Híbrido entre lo agrícola y lo doméstico, el invernadero es un escenario siamés para la vida vegetal y humana. Dos cuerpos adyacentes son gemelos perfectamente asimétricos: mitad invernadero y mitad salón exterior. Su adyacencia favorece una cierta simbiosis entre dos funciones disímiles: un interior para las plantas y un exterior para las personas. La adyacencia de la sala de estar al invernadero produce un microclima que condiciona la sala de estar abierta durante todo el año. La fruta va a la mesa; las manos limpian las hojas.
La arquitectura se inspira en el lenguaje vernáculo de los alrededores, como diccionario de formas y actitudes ante las estructuras temporales. El carácter tipológico del añadido emerge como toldo, antepatio o sobreedificio -un poco inestable pero necesario- como estrategias de sombreado, ventilación, iluminación natural y modulación.
El zócalo de los suelos, los muros y la chimenea se construyen como objetos firmes y monolíticos, impermeables al paso del tiempo. Un zócalo de ladrillo se eleva hasta los 2 metros, constituyendo una línea de referencia para los elementos funcionales. Este invernadero para plantas y humanos está construido con ladrillo recocho, que es un ladrillo recocido reutilizado, recuperado durante meses de los desechos de las ladrilleras locales.

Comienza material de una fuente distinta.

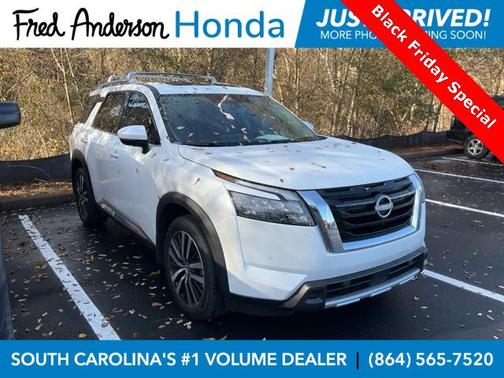 2025 Nissan Pathfinder Platinum 4WD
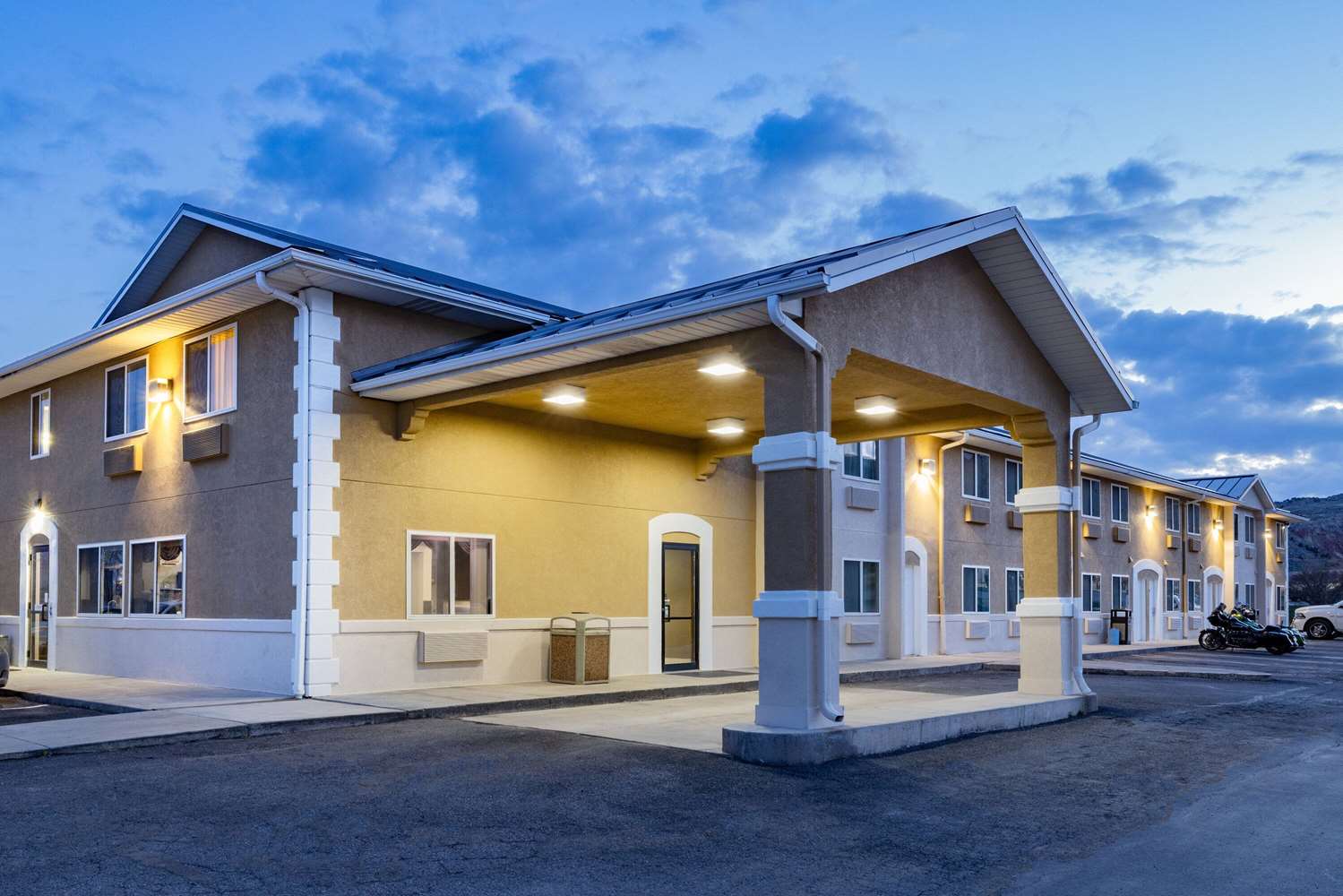 Super 8 by Wyndham Richfield UT 3/26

El montaje de la estructura metálica, elemental y diáfana, sugiere la transmutabilidad de su ligereza. Su humilde escala permite abastecerse de los recortes de las infraestructuras agrícolas cercanas. Ahora es un invernadero, pero en el futuro podría desmontarse y tener otra vida. Podría darse cualquier número de configuraciones o permutaciones en las que estos espacios adyacentes asumieran otras funciones o se fusionaran entre sí como uno solo.